La mayoría de los elementos calefactores con el tiempo comienzan a desprender gases o a agrietarse. Pero estos tubos de cuarzo no presentan ese problema. Emiten un calor intenso que permite secar las obleas rápidamente, sin dejar residuos metálicos.
Por qué el cuarzo funciona tan bien
Elegimos el infrarrojo de onda corta porque permite eliminar la humedad de la superficie de las obleas mucho más rápido que el calor de onda larga. Gracias a la alta pureza del cuarzo, no hay riesgo de que los iones se depositen en los sensores MEMS. Además, el revestimiento de cuarzo actúa como un sello hermético, manteniendo el filamento de tungsteno alejado del aire de la sala limpia. Evitamos usar vidrio barato, ya que no resistiría las altas temperaturas y se rompería al instante.
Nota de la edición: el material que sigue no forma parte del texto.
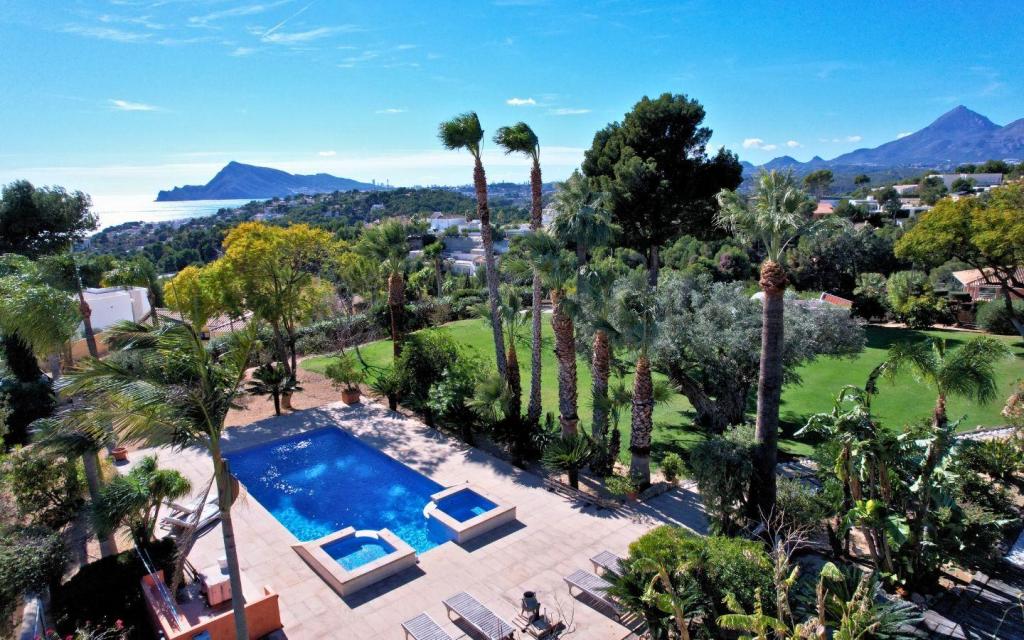 7 bed villa in Altea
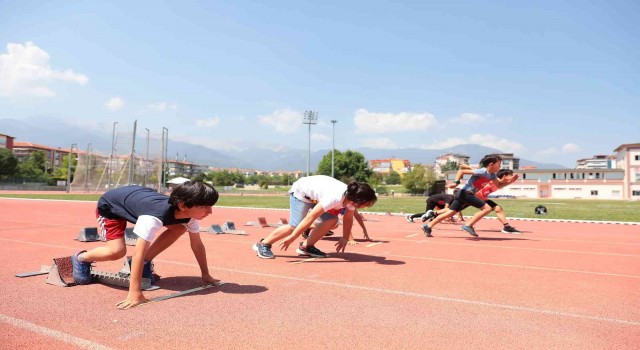 Büyükşehirden Minikler Atletizm Şenliği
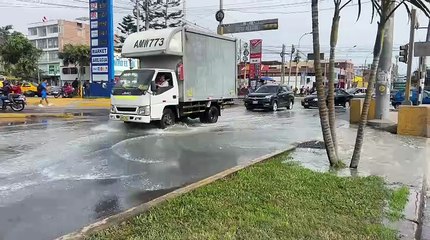 Aniego en la avenida Guardia Civil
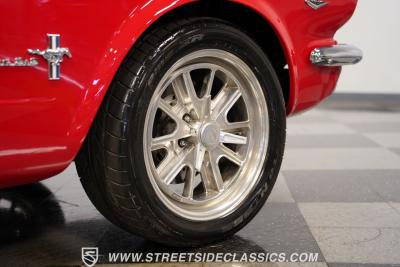 1966 Ford Mustang 2+2 Fastback Restomod
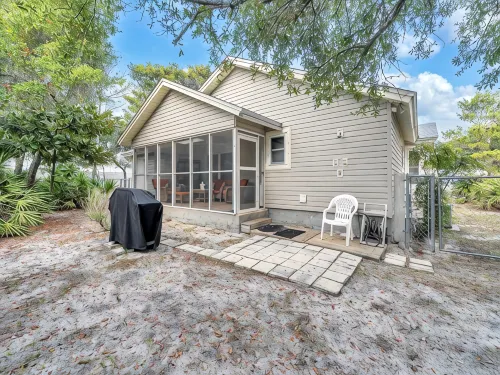 West Destin!  3 Blks to Beach! Front & Back Porch! Walk to Shopping/Restaurants - Country Houses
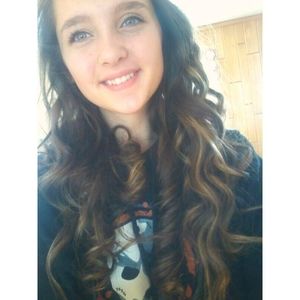 Meet your Posher, Valarie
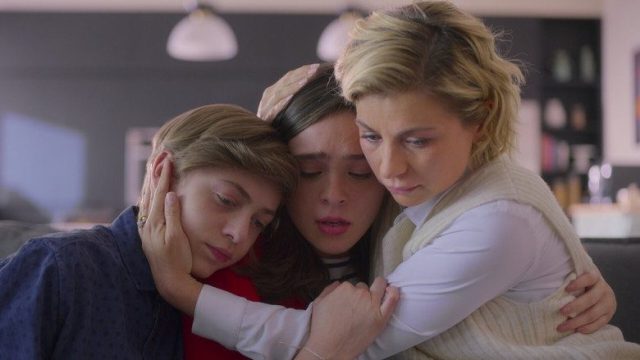 Madre sólo hay dos S02E01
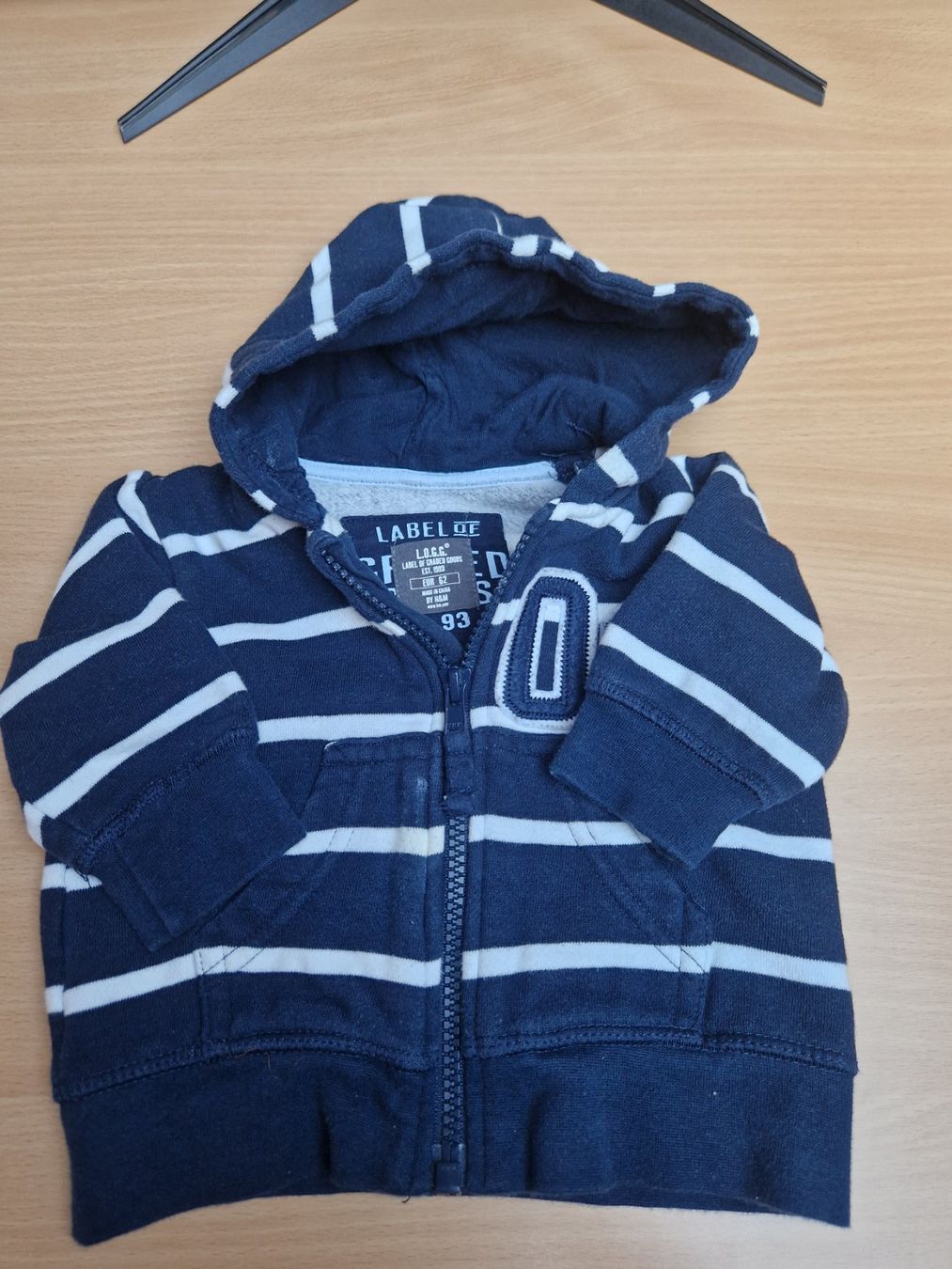 H&M Lotti & Set di vestiti: Kinder Kleider Paket Pullover Gr 56/62 – Usato da Hornussen venduto da Rysrys 4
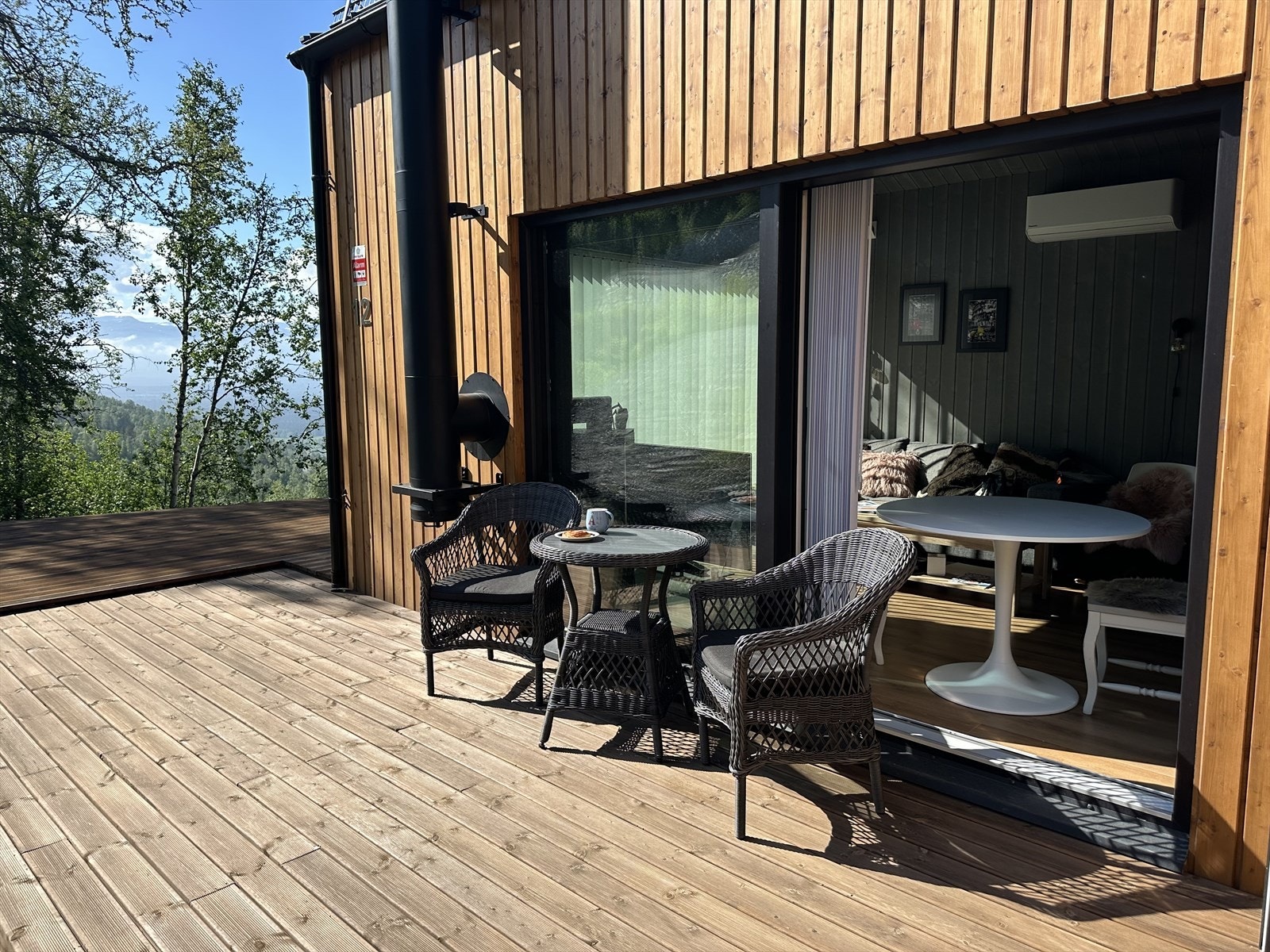 Terrasse er utvidet rundt hjørne og mot utsikten. Galleribilde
Alta eficiencia en un espacio reducido
Estas lámparas generan mucha potencia por cada pulgada cuadrada. La ventaja es que puedes reducir el tamaño del calentador, mientras sigues teniendo suficiente calor para evaporar los líquidos instantáneamente. También funcionan bien con los controladores PID existentes, lo que permite mantener la temperatura exactamente donde deseas.
Un consejo importante
Dado que la densidad de calor es muy alta, la superficie de la lámpara se calienta rápidamente. Si la carcasa no está diseñada para soportar altas temperaturas, podrías dañar el chasis o activar constantemente los sensores de sobrecalentamiento. Esto es algo que debes tener en cuenta durante la instalación.
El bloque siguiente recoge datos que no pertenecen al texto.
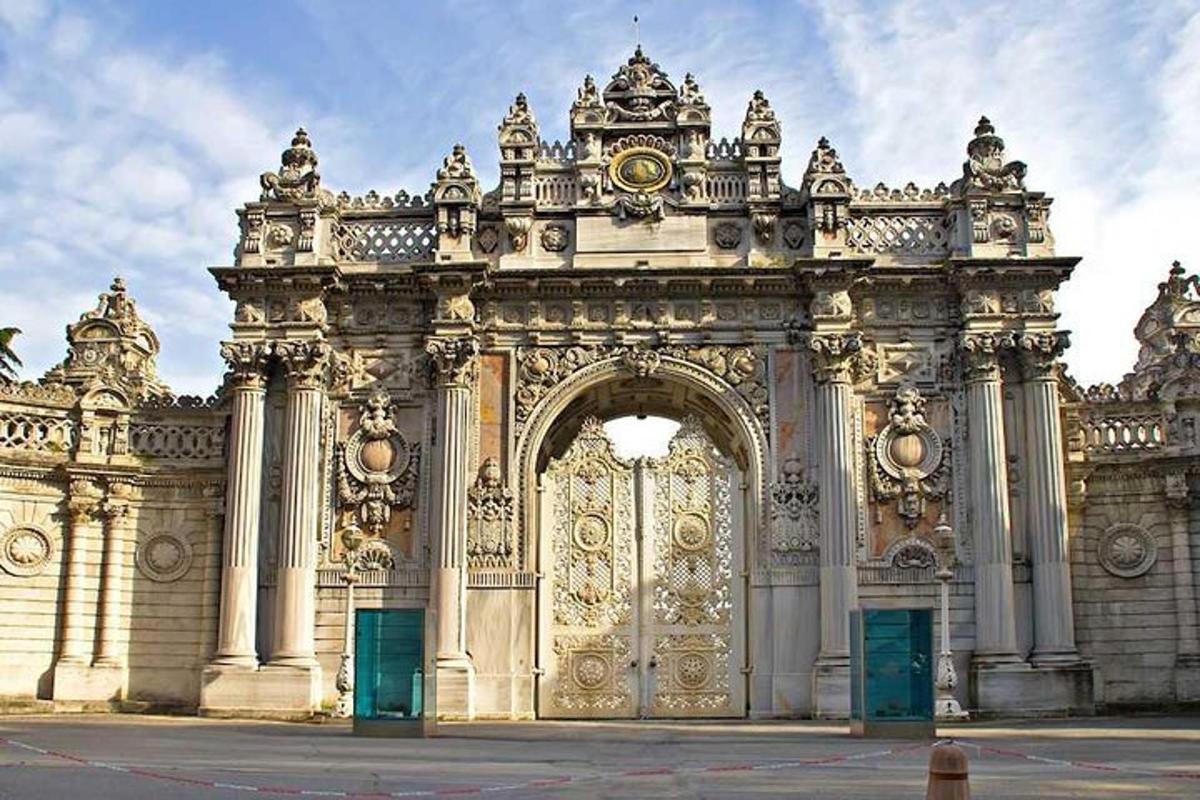 un edifici ornamentat amb una gran porta daurada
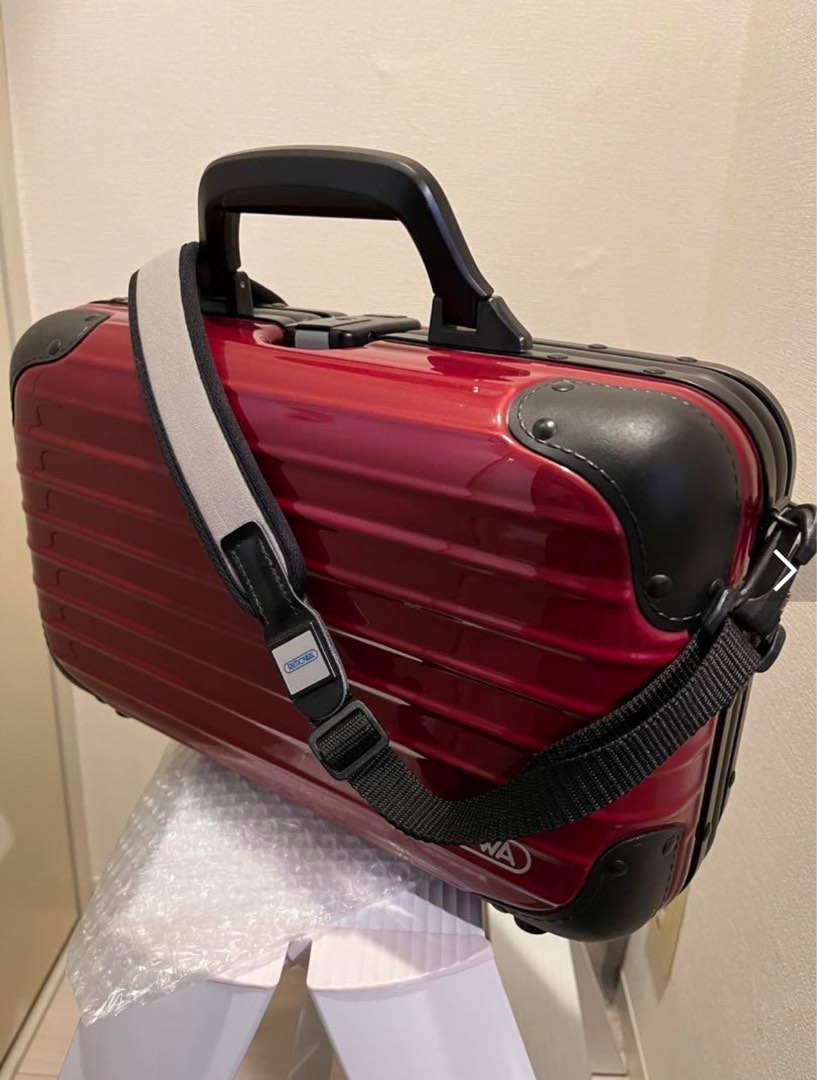 リモワ 『Samba Nova』 ビューティーケース ルビーレッド【18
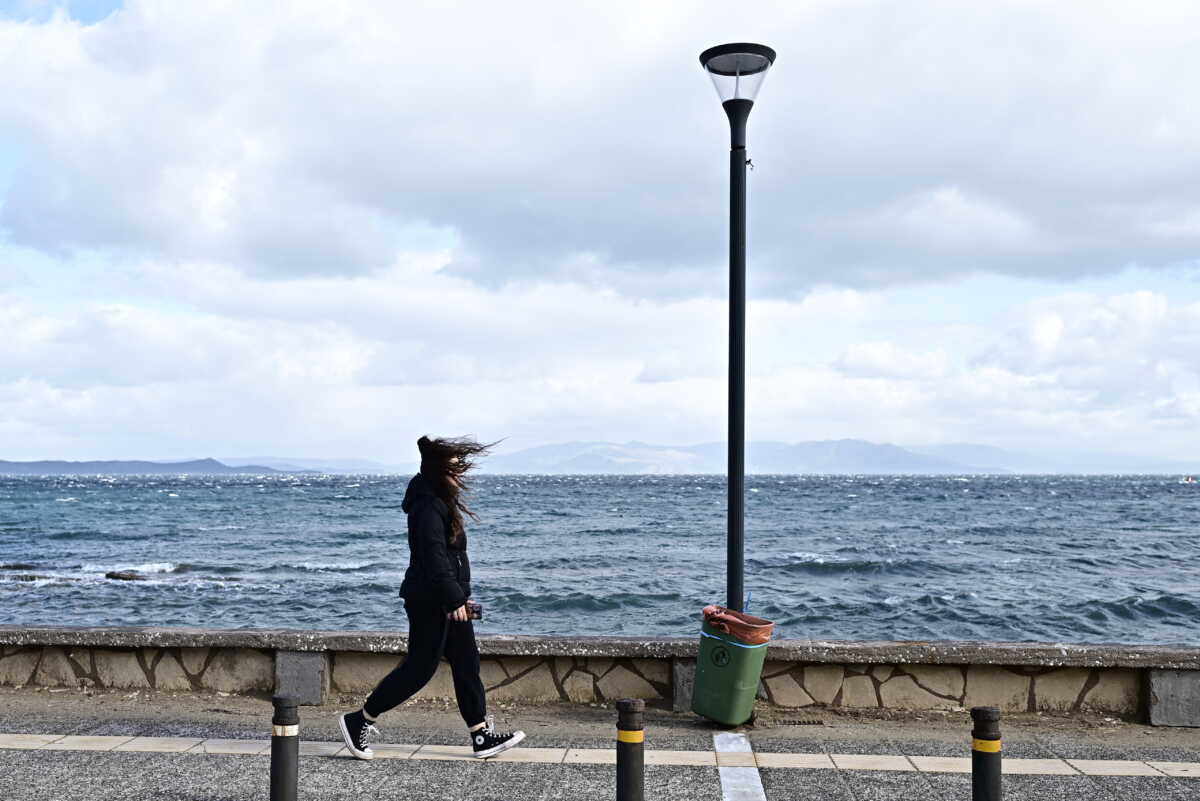 Καιρός: Κρύο και ισχυροί άνεμοι από σήμερα – 48ωρη ψυχρή εισβολή, οι θερμοκρασίες σε 5 πόλεις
Secado en condiciones reales
Hemos diseñado estas lámparas para ser un reemplazo perfecto para los sistemas automáticos de manejo de obleas. Calientan toda la superficie de la oblea de manera uniforme, lo que evita la formación de “puntos fríos” y residuos indeseados.
Y lo mejor de todo: no hay aire caliente que sople sobre la oblea. No tienes que lidiar con la turbulencia que suele levantar partículas desde los bordes de la oblea. Simplemente obtienes una superficie seca y una oblea realmente limpia.